Don't be too hard on yourself. I went to a very dark place about a month after treatment and then again after my first clean report. I've had blue periods since, but I do think it's part of the healing and recovery process. I still get upset from time to time because I'm just "different" than I was before treatment ~ from sex to mental clarity. It took me a good year to discover my hormones are just a cluster**** due to the immediate menopause and that probably has a lot to do with it. I'm a year and a half out of treatment, on bio-identical hormones and I continue to see progress in my mind-frame each month. I try to eat super healthy and make sure I work up at least a 20 minute good sweat every day, which helps.

Blessings to you, Diane. You will be ok.

Cheyenne's picture
Cheyenne
Posts: 72
Joined: Apr 2012

Depression is described as "anger turned inwards". Sometimes it is good and necessary to be angry. I usually give myself permission to be depressed but not permission to stay there. I try to find a way to direct that anger outwards after my "time is up" by working out or finding another energy outlet.

Dsquared
Posts: 2
Joined: Aug 2012

Hi MyHopen413.
It seems to me that feeling angry is more than reasonable considering what you are experiencing. It is my experience that unresolved anger leads to depression! It is far better to express your feelings. This is a safe place to say anything, express your frustration, fears and dreams. I have found keeping a journal helpful. It is good to write down the how I adapt, change, grow with these challenges, then when the next one comes around I know I can deal with it with a little help from my friends (God being the best one) I can get through. Keep us posted.

Dog Girl
Posts: 100
Joined: Sep 2010

Diane,

Let me pile on top of all the other comments. My depression hit approximately 12-18 months after my treatment finished. Intellectually I knew that I should be happy; I came through cancer and was (and continue to be) NED. However I just put the wheel to the grindstone if you will during tx and didn't even let myself feel anything. Literally I did not even cry for the first time until months after tx stopped and then I was like, dang, by butt was just kicked; literally and figuratively! I did a pretty good imitation of Scarlett O'Hara in that I would think (and deal) with "it" tomorrow and of course that "tomorrow" never came.

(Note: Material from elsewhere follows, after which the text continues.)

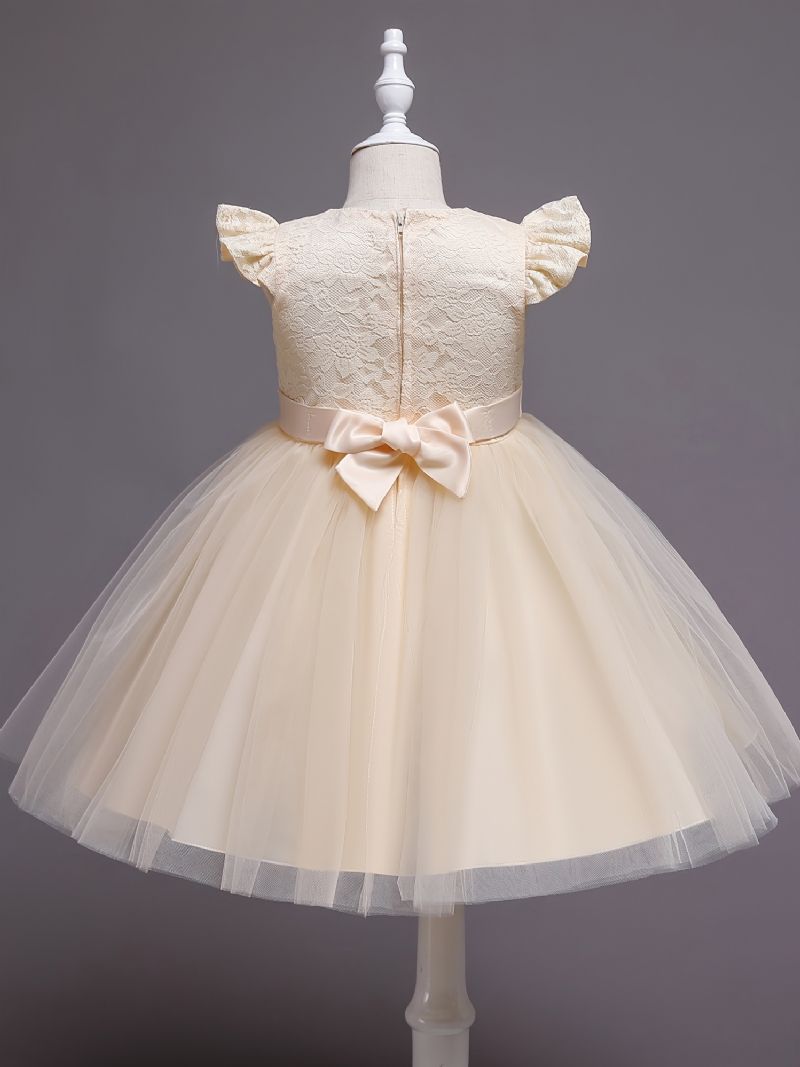 Babyjenter Ruffled Flying Sleeve Tutu Dress Blonder Mesh Sløyfe Dekor Festkjole Prinsessekjole Brudekjole Barneklær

I did have reason for some of what I would call situational depression (my elderly mother was in ill health), but basically I just felt like I was walking under water in a pool of molasses. I withdrew from my friends (who had been so wonderful and supportive), took no pleasure in anything, and it basically just took everything I had to just work and that started slipping before I shouted No Mas! One of my sister's best friends is a psychologist and she had asked my sister if I was struggling with depression as it was very common wiht cancer patients and survivors. (They both live out of state, so it was not like they knew what was going on with me on a daily basis although my sister had a clue.) Basically my sister came to visit (she was here a lot during and right after tx) and she and local friends did an "intervention" on me and it was like a life ring in a stormy ocean.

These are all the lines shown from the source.